[1/2] fs/ceph/debugfs: make all files world-readable

Message ID	20230922062558.1739642-1-max.kellermann@ionos.com (mailing list archive)
State	New, archived
Headers	show Return-Path: <ceph-devel-owner@vger.kernel.org> From: Max Kellermann <max.kellermann@ionos.com> To: Xiubo Li <xiubli@redhat.com>, Ilya Dryomov <idryomov@gmail.com>, Jeff Layton <jlayton@kernel.org> Cc: Max Kellermann <max.kellermann@ionos.com>, ceph-devel@vger.kernel.org, linux-kernel@vger.kernel.org Subject: [PATCH 1/2] fs/ceph/debugfs: make all files world-readable Date: Fri, 22 Sep 2023 08:25:57 +0200 Message-Id: <20230922062558.1739642-1-max.kellermann@ionos.com> MIME-Version: 1.0 Content-Transfer-Encoding: 8bit Precedence: bulk
Series	[1/2] fs/ceph/debugfs: make all files world-readable \| expand [1/2] fs/ceph/debugfs: make all files world-readable [2/2] fs/ceph/debugfs: expose raw metric counters

Max Kellermann Sept. 22, 2023, 6:25 a.m. UTC

I'd like to be able to run metrics collector processes without special
privileges

In the kernel, there is a mix of debugfs files being world-readable
and not world-readable is; with a naive "git grep", I found 723
world-readable debugfs_create_file() calls and 582 calls which were
only accessible to privileged processe.

From the code, I cannot derive a consistent policy for that, but the
ceph statistics seem harmless (and useful) enough.
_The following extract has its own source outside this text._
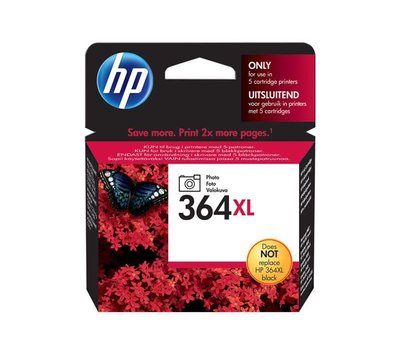 Originele Inktcartridge HP364 PBK XL foto-zwart CB322EE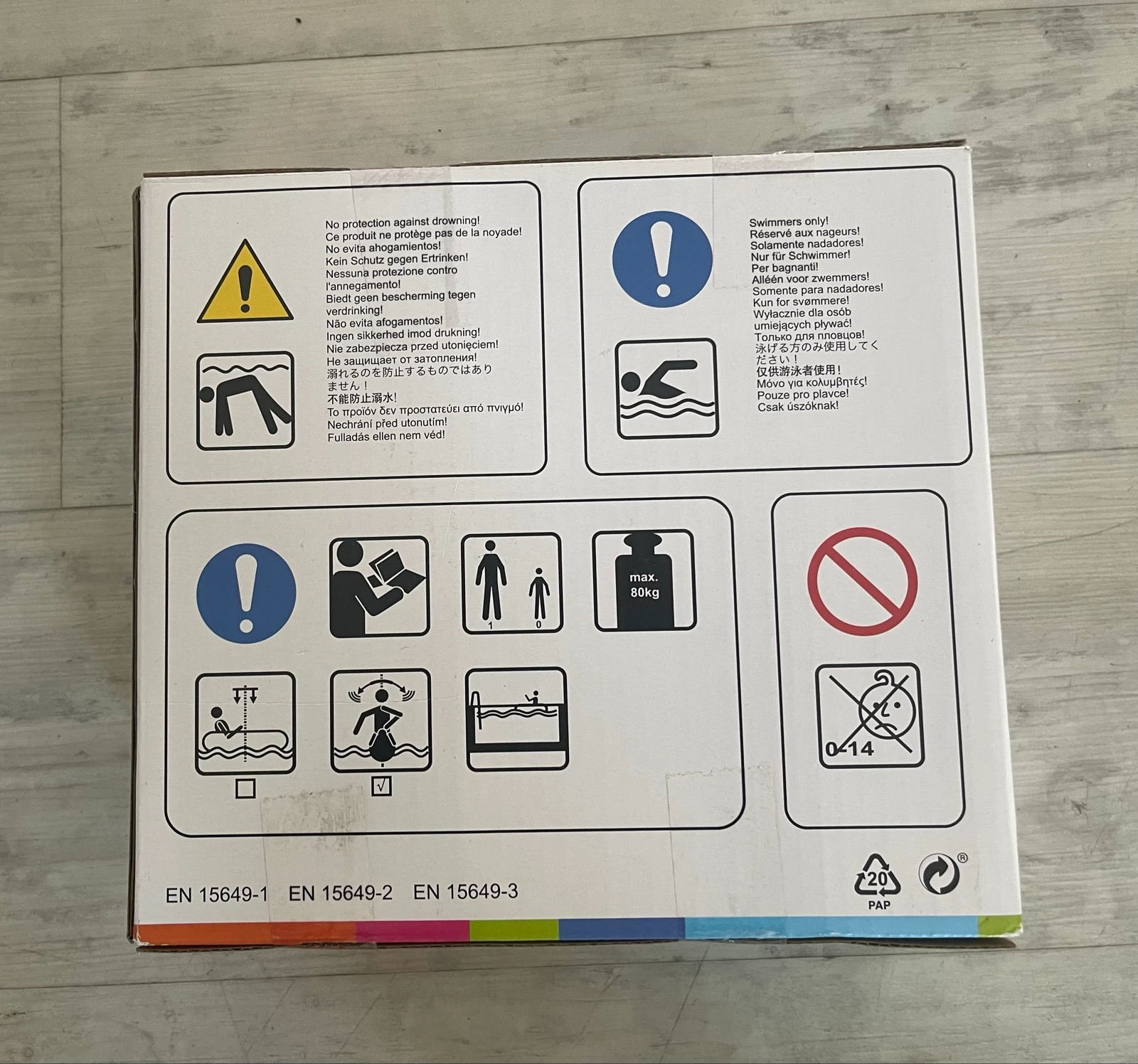 Opblaasbare stoel INTEX – photo 3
Signed-off-by: Max Kellermann <max.kellermann@ionos.com>
---
 fs/ceph/debugfs.c | 18 +++++++++---------
 1 file changed, 9 insertions(+), 9 deletions(-)

Xiubo Li Sept. 25, 2023, 5:18 a.m. UTC | #1

On 9/22/23 14:25, Max Kellermann wrote:
> I'd like to be able to run metrics collector processes without special
> privileges
>
> In the kernel, there is a mix of debugfs files being world-readable
> and not world-readable is; with a naive "git grep", I found 723
> world-readable debugfs_create_file() calls and 582 calls which were
> only accessible to privileged processe.
>
>  From the code, I cannot derive a consistent policy for that, but the
> ceph statistics seem harmless (and useful) enough.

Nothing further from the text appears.